### Supplied material:
....................

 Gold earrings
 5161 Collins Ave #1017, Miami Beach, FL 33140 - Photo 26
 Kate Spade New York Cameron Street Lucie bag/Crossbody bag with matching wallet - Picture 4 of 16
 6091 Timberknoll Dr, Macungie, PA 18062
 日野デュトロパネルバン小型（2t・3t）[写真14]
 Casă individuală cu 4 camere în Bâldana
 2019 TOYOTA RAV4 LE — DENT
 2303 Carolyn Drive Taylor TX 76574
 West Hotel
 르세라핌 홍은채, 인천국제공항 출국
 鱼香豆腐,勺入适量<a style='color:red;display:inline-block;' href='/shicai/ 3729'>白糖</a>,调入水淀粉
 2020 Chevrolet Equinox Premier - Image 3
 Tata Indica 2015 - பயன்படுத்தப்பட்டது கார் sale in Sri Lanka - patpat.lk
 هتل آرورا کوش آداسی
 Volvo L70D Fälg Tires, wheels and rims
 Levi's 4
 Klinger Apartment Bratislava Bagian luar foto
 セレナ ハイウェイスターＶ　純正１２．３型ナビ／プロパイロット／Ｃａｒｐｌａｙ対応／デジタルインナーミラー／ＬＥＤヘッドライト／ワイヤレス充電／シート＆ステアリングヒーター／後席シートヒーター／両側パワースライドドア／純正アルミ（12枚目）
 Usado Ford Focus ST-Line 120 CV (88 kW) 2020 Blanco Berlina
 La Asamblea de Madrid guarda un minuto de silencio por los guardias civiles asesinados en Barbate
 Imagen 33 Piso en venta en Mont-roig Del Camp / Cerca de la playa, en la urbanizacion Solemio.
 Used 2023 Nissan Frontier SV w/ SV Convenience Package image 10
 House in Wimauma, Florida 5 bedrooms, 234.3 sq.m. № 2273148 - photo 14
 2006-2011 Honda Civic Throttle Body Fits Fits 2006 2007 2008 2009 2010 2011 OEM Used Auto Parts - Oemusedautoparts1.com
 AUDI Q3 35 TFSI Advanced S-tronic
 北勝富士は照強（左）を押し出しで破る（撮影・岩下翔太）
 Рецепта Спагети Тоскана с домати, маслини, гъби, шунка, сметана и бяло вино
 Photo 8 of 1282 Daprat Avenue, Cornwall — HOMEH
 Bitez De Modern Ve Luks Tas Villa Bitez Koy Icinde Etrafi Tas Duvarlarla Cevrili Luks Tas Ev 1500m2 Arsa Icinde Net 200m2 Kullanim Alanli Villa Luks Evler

....................

### What the task requires:
Working from the material above, restate word for word the lines between the line with "Klinger Apartment Bratislava" and the line with "House in Wimauma, Florida", both included, and only those.

### Your solution:
 Klinger Apartment Bratislava Bagian luar foto
 セレナ ハイウェイスターＶ　純正１２．３型ナビ／プロパイロット／Ｃａｒｐｌａｙ対応／デジタルインナーミラー／ＬＥＤヘッドライト／ワイヤレス充電／シート＆ステアリングヒーター／後席シートヒーター／両側パワースライドドア／純正アルミ（12枚目）
 Usado Ford Focus ST-Line 120 CV (88 kW) 2020 Blanco Berlina
 La Asamblea de Madrid guarda un minuto de silencio por los guardias civiles asesinados en Barbate
 Imagen 33 Piso en venta en Mont-roig Del Camp / Cerca de la playa, en la urbanizacion Solemio.
 Used 2023 Nissan Frontier SV w/ SV Convenience Package image 10
 House in Wimauma, Florida 5 bedrooms, 234.3 sq.m. № 2273148 - photo 14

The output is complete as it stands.